_ACTION ITEM_:
Everything in the listing below must be set down again exactly, apart from the pictures.

_DATA LISTING_:
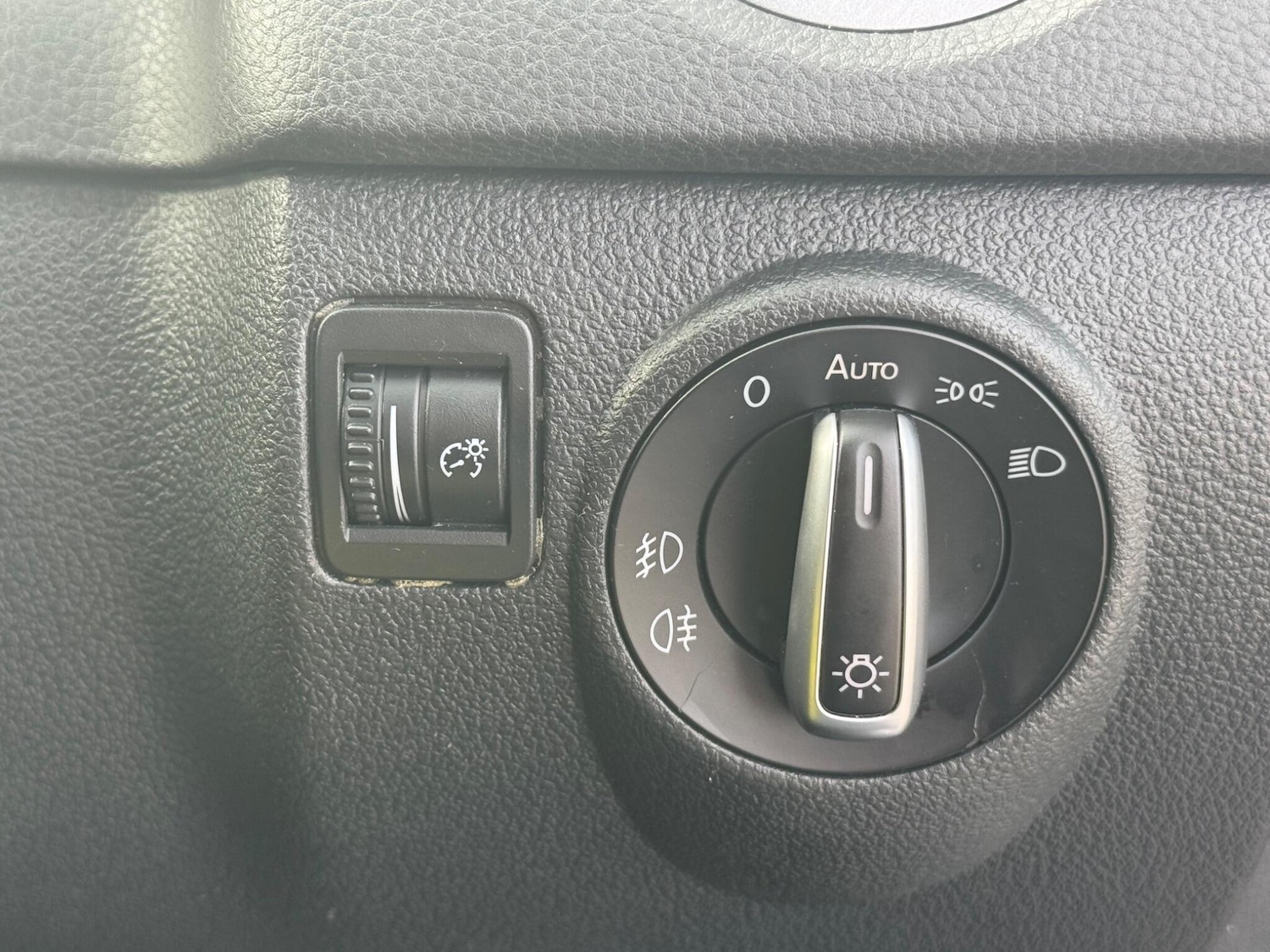 Used Volkswagen Tiguan 2015 for sale - 77524594: Photo 33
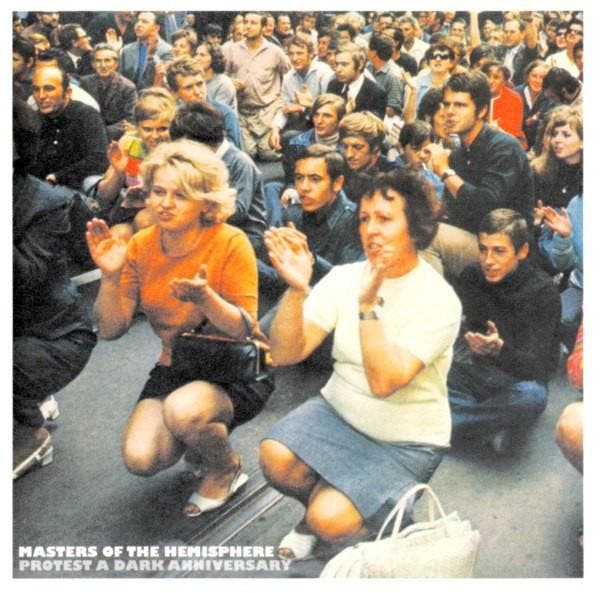 cd - Masters Of The Hemisphere - Protest A Dark Anniversary, Cd's en Dvd's, Cd's | Rock, Zo goed als nieuw, Verzenden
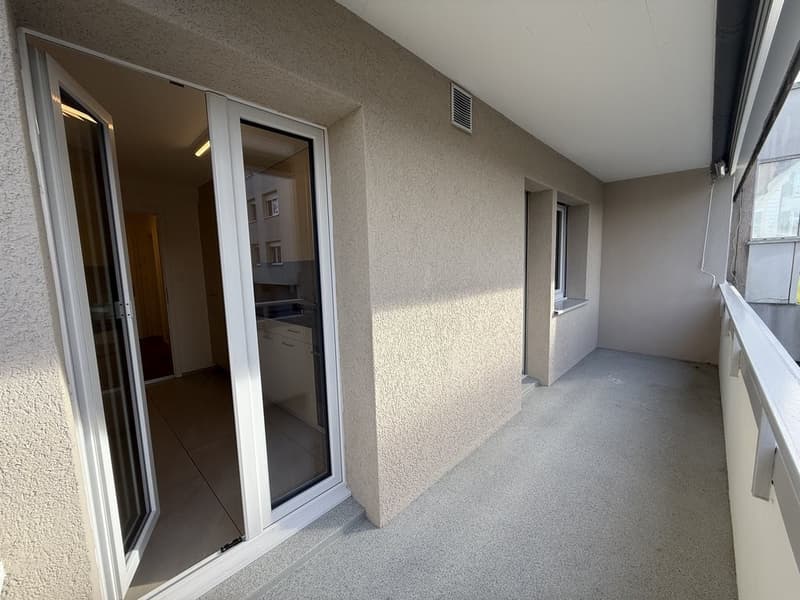 TOLLE 2.5 ZIMMER WOHNUNG MIT GROSSEM BALKON (2)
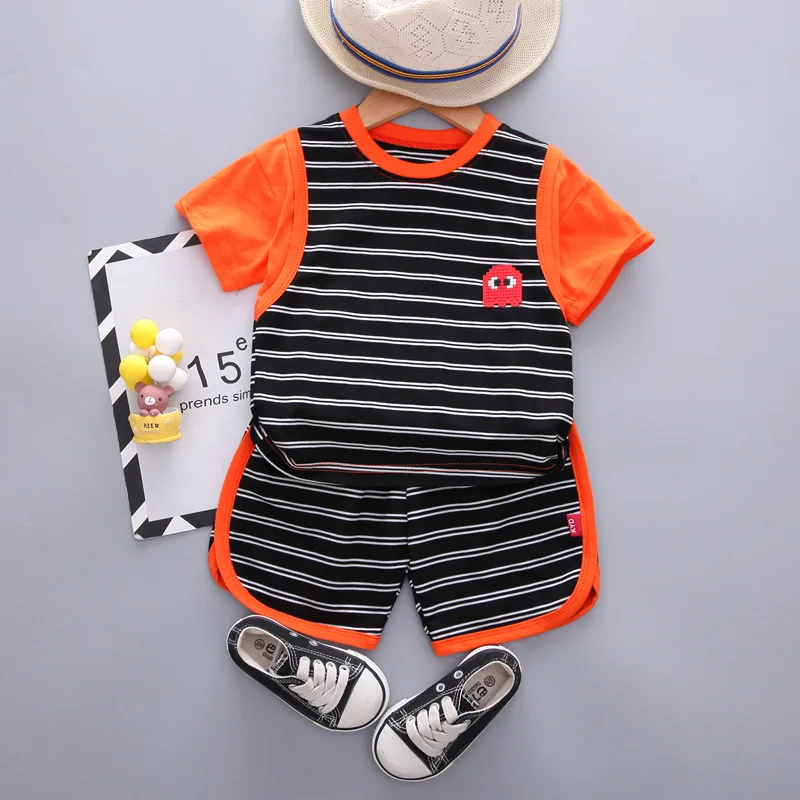 

Футболка и шорты для маленьких мальчиков 0-5 лет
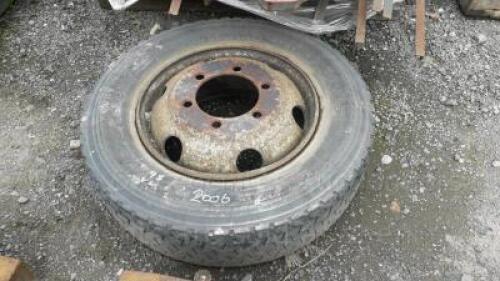 IVECO 7.5t 215/75 R17.5 wheel & tyre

_ANSWER SECTION_:
 Used Volkswagen Tiguan 2015 for sale - 77524594: Photo 33
 cd - Masters Of The Hemisphere - Protest A Dark Anniversary, Cd's en Dvd's, Cd's | Rock, Zo goed als nieuw, Verzenden
 TOLLE 2.5 ZIMMER WOHNUNG MIT GROSSEM BALKON (2)

Футболка и шорты для маленьких мальчиков 0-5 лет
 IVECO 7.5t 215/75 R17.5 wheel & tyre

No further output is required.